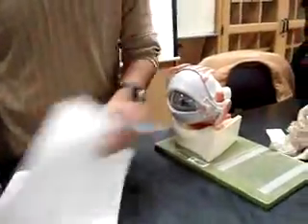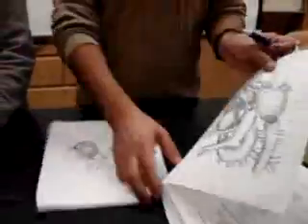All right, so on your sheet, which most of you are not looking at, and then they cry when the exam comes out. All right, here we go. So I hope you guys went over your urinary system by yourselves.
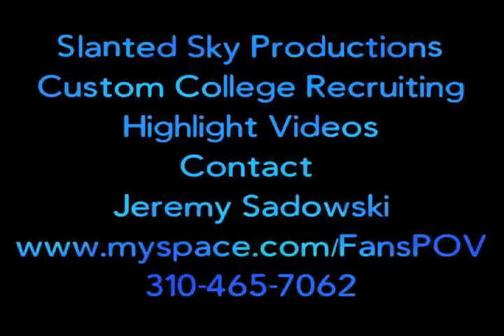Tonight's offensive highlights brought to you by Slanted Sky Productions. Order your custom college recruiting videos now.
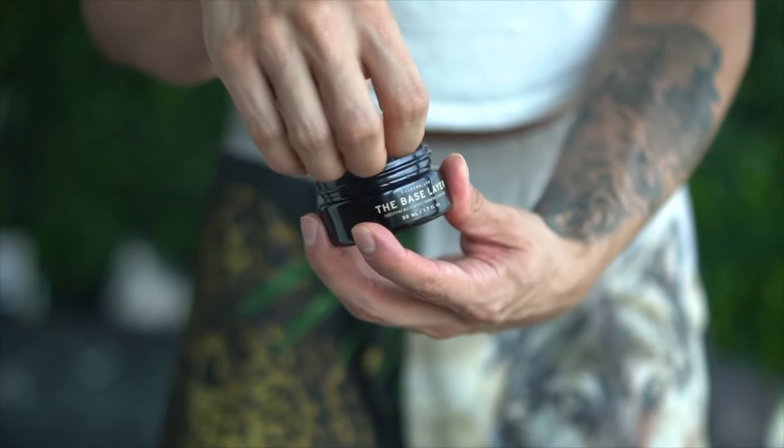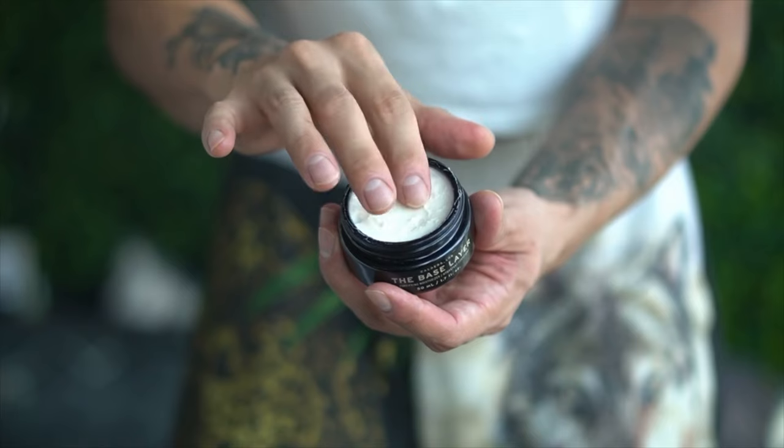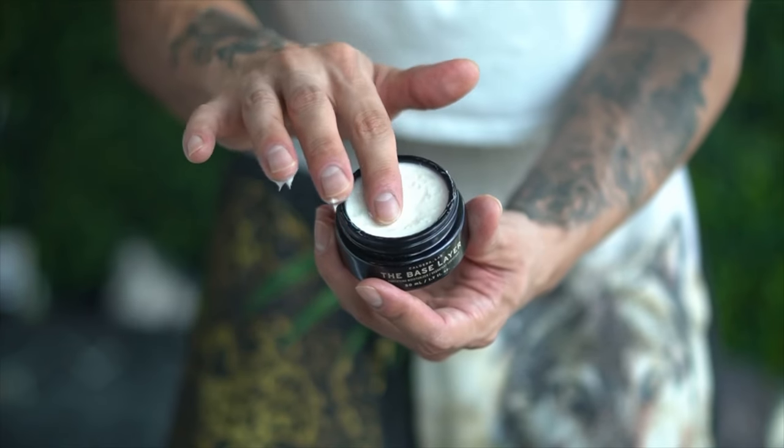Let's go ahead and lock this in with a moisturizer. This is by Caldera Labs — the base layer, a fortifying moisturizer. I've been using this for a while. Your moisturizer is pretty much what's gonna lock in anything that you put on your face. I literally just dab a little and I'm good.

········

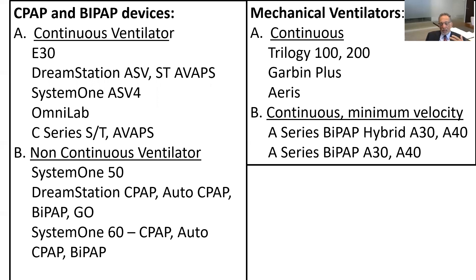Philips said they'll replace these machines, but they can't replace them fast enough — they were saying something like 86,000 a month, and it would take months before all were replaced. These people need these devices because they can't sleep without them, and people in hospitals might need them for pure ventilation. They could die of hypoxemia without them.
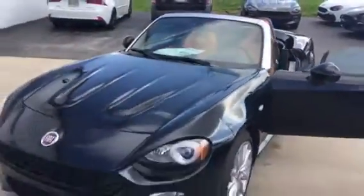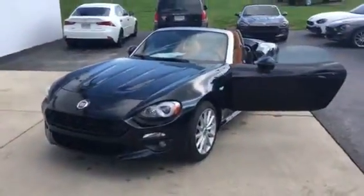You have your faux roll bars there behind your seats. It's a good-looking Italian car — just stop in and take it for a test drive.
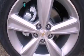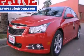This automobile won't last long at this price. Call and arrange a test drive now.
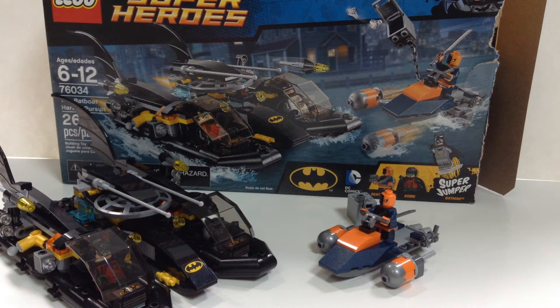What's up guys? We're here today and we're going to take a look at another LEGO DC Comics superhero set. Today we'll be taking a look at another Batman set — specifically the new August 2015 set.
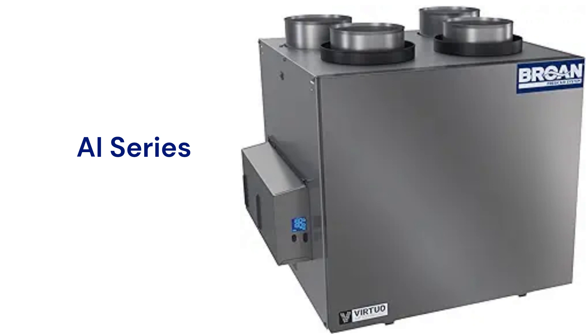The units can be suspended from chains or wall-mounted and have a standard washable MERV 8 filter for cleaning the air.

········

§ **What the task requires**: Among the entries above, copy exactly the stretch from the line holding "Philips said they'll" through the line holding "The units can", leaving out any pictures.

§ **Answer to this problem**:
Philips said they'll replace these machines, but they can't replace them fast enough — they were saying something like 86,000 a month, and it would take months before all were replaced. These people need these devices because they can't sleep without them, and people in hospitals might need them for pure ventilation. They could die of hypoxemia without them.
You have your faux roll bars there behind your seats. It's a good-looking Italian car — just stop in and take it for a test drive.
This automobile won't last long at this price. Call and arrange a test drive now.
What's up guys? We're here today and we're going to take a look at another LEGO DC Comics superhero set. Today we'll be taking a look at another Batman set — specifically the new August 2015 set.
The units can be suspended from chains or wall-mounted and have a standard washable MERV 8 filter for cleaning the air.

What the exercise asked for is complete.